## What this task involves:
Only the lines below starting at the one containing "2023-2027 Five Year" and ending at the one containing "Resimli Asker Künyesi Kolye" belong in the answer, each copied exactly.

## Input for this task:

*****

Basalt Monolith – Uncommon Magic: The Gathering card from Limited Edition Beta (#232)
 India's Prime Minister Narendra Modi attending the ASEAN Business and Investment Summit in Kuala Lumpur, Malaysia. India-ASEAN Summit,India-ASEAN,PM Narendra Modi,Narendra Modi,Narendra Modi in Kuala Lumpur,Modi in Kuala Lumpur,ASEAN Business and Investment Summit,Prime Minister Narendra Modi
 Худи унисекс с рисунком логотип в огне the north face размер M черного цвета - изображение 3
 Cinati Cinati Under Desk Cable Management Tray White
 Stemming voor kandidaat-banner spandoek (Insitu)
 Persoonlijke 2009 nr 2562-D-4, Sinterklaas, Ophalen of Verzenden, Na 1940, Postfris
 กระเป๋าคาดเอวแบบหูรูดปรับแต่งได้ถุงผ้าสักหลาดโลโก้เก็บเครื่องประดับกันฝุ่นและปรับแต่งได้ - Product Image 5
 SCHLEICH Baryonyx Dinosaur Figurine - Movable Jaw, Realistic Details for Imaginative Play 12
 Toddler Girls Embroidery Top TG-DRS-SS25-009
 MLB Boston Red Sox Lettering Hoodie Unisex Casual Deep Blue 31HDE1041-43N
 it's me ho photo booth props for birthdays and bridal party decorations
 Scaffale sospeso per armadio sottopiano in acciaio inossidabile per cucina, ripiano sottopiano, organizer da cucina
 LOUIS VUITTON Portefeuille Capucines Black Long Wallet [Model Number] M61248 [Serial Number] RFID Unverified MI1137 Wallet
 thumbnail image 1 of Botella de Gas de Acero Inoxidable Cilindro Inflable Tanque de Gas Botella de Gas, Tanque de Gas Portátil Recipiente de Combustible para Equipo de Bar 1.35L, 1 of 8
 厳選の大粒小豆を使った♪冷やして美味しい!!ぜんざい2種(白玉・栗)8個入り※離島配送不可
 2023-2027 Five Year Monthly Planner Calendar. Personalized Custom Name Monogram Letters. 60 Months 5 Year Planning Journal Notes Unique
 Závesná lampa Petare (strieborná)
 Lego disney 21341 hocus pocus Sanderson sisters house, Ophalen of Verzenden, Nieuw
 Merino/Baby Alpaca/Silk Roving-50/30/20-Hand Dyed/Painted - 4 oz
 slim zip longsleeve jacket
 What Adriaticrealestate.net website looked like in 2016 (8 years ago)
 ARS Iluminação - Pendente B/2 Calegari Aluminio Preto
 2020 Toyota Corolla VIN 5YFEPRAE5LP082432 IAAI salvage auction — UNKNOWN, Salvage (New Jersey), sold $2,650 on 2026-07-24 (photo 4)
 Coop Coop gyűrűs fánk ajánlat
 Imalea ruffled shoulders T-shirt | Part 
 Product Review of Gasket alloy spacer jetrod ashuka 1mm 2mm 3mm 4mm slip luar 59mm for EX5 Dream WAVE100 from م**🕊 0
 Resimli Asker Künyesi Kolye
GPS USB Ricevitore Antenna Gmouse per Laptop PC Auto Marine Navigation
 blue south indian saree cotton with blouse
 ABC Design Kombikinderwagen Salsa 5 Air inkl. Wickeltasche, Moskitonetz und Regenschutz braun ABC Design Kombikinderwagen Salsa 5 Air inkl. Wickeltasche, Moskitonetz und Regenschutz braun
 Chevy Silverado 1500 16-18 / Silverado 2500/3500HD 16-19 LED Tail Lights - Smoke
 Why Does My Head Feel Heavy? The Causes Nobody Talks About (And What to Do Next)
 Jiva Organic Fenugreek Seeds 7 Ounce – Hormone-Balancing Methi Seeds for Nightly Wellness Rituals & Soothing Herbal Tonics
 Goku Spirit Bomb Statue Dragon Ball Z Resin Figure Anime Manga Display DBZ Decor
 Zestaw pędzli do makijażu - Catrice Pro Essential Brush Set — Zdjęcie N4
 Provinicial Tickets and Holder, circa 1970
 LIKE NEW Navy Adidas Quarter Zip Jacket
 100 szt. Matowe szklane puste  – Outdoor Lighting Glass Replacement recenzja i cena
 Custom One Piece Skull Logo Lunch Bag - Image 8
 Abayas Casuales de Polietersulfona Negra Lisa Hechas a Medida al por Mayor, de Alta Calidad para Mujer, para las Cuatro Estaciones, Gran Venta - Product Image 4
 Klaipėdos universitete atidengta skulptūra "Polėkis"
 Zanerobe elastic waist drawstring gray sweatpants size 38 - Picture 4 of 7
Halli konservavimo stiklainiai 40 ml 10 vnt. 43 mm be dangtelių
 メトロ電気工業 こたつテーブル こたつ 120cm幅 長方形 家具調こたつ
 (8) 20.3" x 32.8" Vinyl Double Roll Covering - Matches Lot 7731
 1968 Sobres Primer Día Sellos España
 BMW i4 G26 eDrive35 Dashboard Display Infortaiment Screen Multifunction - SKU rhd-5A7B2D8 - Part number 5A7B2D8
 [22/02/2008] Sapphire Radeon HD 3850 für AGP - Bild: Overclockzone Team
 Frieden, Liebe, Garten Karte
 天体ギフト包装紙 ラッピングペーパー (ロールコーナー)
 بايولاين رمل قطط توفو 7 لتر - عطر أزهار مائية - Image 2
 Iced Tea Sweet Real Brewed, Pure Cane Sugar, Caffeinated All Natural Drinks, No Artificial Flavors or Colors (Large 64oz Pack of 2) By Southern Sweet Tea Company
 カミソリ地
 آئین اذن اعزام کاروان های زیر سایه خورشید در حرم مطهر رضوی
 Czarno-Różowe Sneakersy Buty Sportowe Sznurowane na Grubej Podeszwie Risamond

*****

## Exercise result:
 2023-2027 Five Year Monthly Planner Calendar. Personalized Custom Name Monogram Letters. 60 Months 5 Year Planning Journal Notes Unique
 Závesná lampa Petare (strieborná)
 Lego disney 21341 hocus pocus Sanderson sisters house, Ophalen of Verzenden, Nieuw
 Merino/Baby Alpaca/Silk Roving-50/30/20-Hand Dyed/Painted - 4 oz
 slim zip longsleeve jacket
 What Adriaticrealestate.net website looked like in 2016 (8 years ago)
 ARS Iluminação - Pendente B/2 Calegari Aluminio Preto
 2020 Toyota Corolla VIN 5YFEPRAE5LP082432 IAAI salvage auction — UNKNOWN, Salvage (New Jersey), sold $2,650 on 2026-07-24 (photo 4)
 Coop Coop gyűrűs fánk ajánlat
 Imalea ruffled shoulders T-shirt | Part 
 Product Review of Gasket alloy spacer jetrod ashuka 1mm 2mm 3mm 4mm slip luar 59mm for EX5 Dream WAVE100 from م**🕊 0
 Resimli Asker Künyesi Kolye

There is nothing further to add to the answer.